▶ **Work instruction**
In the records below, find the line with "Hielo y motos a toda velocidad" and the line with "100 Cambrian Drive NW, Calgary, AB T2K1P2"; return exactly those lines and every line between them.

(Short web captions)
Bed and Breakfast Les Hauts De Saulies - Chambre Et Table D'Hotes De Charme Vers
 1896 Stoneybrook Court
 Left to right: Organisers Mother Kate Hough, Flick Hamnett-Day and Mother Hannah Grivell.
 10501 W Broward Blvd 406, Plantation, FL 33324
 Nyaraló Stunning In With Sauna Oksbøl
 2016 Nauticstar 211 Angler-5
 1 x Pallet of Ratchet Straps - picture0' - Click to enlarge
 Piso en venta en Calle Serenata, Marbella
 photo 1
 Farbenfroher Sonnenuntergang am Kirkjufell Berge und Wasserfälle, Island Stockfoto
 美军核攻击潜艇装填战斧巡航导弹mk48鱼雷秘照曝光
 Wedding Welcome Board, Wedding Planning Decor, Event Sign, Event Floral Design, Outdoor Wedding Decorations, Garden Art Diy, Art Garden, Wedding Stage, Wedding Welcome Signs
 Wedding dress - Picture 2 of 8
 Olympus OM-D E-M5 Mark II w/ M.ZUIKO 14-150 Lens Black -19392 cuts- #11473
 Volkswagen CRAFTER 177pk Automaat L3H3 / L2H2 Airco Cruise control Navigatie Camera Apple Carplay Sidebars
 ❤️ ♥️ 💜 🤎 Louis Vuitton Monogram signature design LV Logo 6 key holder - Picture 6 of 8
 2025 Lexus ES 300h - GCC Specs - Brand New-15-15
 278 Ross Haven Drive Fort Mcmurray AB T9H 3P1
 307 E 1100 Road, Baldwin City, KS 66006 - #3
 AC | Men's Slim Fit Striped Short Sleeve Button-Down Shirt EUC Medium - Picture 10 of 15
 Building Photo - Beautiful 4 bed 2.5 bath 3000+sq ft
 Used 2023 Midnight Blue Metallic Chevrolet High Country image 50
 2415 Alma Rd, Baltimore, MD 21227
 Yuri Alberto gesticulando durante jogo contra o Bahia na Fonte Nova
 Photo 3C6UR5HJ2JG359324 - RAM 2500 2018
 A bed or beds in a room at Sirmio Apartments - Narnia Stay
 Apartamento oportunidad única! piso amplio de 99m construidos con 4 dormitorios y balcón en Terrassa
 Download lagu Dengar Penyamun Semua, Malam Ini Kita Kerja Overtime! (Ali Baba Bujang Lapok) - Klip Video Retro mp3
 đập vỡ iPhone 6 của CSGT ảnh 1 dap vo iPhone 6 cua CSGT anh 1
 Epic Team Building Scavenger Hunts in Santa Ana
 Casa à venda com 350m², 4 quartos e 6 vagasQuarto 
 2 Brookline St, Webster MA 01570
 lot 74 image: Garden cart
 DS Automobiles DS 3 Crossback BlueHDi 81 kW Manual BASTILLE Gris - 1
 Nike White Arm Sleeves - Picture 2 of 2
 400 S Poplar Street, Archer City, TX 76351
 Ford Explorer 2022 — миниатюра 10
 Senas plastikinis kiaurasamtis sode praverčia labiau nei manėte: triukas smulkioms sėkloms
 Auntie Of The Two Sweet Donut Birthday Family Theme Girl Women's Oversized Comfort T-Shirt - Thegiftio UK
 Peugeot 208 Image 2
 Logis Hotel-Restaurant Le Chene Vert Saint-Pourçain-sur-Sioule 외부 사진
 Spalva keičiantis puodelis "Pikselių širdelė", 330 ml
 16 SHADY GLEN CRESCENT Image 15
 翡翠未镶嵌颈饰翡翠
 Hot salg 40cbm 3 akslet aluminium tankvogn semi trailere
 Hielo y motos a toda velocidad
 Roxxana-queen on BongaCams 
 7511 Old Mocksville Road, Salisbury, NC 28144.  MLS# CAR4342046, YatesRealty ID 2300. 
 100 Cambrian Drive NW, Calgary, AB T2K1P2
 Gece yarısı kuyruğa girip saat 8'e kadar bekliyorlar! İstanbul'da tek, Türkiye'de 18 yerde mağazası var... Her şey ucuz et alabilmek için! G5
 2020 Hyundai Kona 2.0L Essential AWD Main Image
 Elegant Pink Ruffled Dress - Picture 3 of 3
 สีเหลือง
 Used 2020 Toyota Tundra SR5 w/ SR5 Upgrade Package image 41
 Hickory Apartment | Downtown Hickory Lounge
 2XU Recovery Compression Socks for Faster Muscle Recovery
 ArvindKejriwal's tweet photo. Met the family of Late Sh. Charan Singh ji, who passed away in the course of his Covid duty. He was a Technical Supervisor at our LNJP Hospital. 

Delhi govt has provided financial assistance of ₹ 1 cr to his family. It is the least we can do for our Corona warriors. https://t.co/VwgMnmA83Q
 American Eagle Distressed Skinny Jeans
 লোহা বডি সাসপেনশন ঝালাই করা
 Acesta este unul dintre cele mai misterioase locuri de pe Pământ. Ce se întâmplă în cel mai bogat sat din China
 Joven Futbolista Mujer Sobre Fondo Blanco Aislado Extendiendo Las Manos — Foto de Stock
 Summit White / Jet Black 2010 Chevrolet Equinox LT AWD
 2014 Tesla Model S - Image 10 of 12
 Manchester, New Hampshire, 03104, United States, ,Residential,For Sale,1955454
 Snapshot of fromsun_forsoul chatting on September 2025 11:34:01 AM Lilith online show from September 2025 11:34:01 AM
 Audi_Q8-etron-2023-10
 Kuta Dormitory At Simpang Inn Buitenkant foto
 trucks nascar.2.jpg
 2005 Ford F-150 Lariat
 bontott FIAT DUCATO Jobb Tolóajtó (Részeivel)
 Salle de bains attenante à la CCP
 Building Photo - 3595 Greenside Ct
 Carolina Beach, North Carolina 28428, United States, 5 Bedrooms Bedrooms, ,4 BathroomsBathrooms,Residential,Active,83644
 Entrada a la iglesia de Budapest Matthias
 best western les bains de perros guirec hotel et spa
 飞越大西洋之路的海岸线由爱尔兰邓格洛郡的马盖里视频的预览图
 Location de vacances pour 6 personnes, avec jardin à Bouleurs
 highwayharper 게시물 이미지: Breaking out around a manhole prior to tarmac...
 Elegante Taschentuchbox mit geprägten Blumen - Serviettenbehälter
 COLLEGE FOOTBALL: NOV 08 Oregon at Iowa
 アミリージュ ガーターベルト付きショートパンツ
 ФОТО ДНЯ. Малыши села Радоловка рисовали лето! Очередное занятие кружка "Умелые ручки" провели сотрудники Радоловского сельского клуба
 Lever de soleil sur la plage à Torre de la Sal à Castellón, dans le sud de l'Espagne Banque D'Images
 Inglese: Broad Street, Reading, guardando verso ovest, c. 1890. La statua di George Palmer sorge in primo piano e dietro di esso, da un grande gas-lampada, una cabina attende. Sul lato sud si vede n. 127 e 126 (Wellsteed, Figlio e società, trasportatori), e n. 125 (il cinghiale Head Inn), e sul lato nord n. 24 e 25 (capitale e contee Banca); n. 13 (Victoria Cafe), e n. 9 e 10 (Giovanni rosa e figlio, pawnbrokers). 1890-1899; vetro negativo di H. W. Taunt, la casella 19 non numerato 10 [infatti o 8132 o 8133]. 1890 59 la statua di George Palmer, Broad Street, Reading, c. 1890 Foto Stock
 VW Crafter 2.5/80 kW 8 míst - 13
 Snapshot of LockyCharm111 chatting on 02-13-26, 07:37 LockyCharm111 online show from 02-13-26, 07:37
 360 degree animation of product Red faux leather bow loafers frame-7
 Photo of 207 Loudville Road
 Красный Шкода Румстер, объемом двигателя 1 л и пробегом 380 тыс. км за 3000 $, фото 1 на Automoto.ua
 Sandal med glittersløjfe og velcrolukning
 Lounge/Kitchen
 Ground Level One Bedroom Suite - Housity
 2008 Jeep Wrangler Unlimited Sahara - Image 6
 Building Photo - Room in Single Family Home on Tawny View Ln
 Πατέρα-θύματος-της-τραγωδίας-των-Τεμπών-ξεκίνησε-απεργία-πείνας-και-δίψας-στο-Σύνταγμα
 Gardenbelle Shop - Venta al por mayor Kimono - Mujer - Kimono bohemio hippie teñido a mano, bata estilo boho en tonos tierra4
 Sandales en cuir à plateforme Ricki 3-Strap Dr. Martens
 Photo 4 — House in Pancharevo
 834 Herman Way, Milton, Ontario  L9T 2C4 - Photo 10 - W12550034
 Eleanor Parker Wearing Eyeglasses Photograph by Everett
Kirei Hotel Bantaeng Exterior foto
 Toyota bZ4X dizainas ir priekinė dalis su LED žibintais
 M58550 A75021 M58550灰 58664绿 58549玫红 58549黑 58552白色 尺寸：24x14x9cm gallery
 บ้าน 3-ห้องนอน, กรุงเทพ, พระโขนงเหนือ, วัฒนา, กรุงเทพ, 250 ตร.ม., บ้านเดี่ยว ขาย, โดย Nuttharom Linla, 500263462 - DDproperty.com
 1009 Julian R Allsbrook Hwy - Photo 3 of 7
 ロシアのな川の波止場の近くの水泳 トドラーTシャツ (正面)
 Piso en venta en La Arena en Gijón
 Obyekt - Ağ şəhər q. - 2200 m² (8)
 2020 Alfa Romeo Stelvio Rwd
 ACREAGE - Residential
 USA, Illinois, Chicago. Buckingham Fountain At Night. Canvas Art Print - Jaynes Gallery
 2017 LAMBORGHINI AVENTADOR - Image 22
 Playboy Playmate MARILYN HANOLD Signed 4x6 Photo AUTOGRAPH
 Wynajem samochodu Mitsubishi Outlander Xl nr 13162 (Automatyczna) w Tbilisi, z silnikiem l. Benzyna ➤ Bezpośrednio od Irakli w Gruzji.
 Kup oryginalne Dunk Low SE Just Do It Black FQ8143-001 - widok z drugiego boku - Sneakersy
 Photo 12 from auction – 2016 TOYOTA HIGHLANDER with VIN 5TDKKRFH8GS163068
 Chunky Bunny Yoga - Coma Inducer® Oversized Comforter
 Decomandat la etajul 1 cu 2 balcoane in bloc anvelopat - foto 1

▶ **Expected answer**
 Hielo y motos a toda velocidad
 Roxxana-queen on BongaCams 
 7511 Old Mocksville Road, Salisbury, NC 28144.  MLS# CAR4342046, YatesRealty ID 2300. 
 100 Cambrian Drive NW, Calgary, AB T2K1P2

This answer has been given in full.